O Brasil não é fácil de se entender. Para mim, pelo menos.
O Brasil produzirá 260 milhões de toneladas de grãos nesta safra e se ufana de garantir a segurança alimentar de um sexto da população mundial, conforme falou o presidente na ONU em setembro do ano passado:
“No Brasil, apesar da crise mundial, a produção rural não parou. O homem do campo trabalhou como nunca, produziu, como sempre, alimentos para mais de 1 bilhão de pessoas. O Brasil contribuiu para que o mundo continuasse alimentado. Garantimos a segurança alimentar a um sexto da população mundial (…) O Brasil desponta como o maior produtor mundial de alimentos.”

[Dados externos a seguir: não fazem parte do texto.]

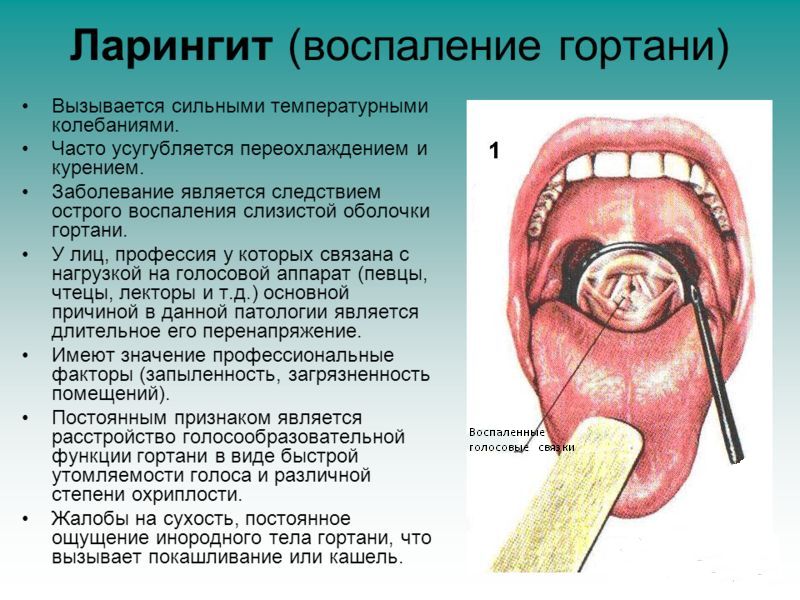 Ларингит у детей и у взрослых Ларингит - фото, симптомы.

Uma semana antes, o IBGE divulgara que “mais de 10 milhões de brasileiros vivem em situação de insegurança alimentar grave.” Em outras palavras, essa multidão — que inclui crianças — literalmente passa fome no Brasil.
Como, afinal, o mesmo país que alimenta boa parte do planeta tem ao mesmo tempo tantos milhões de famintos?
O país tem 13,8 milhões de pessoas na fila do desemprego. O contingente de pessoas subempregadas e desalentadas é assustador.
Neste anno horribili, a situação se agravará muito.
E essas pessoas, na sua maioria, precisará ficar em confinamento. É necessário.
O governo precisa ampará-las. Não só com dinheiro. Sem lero-lero liberal.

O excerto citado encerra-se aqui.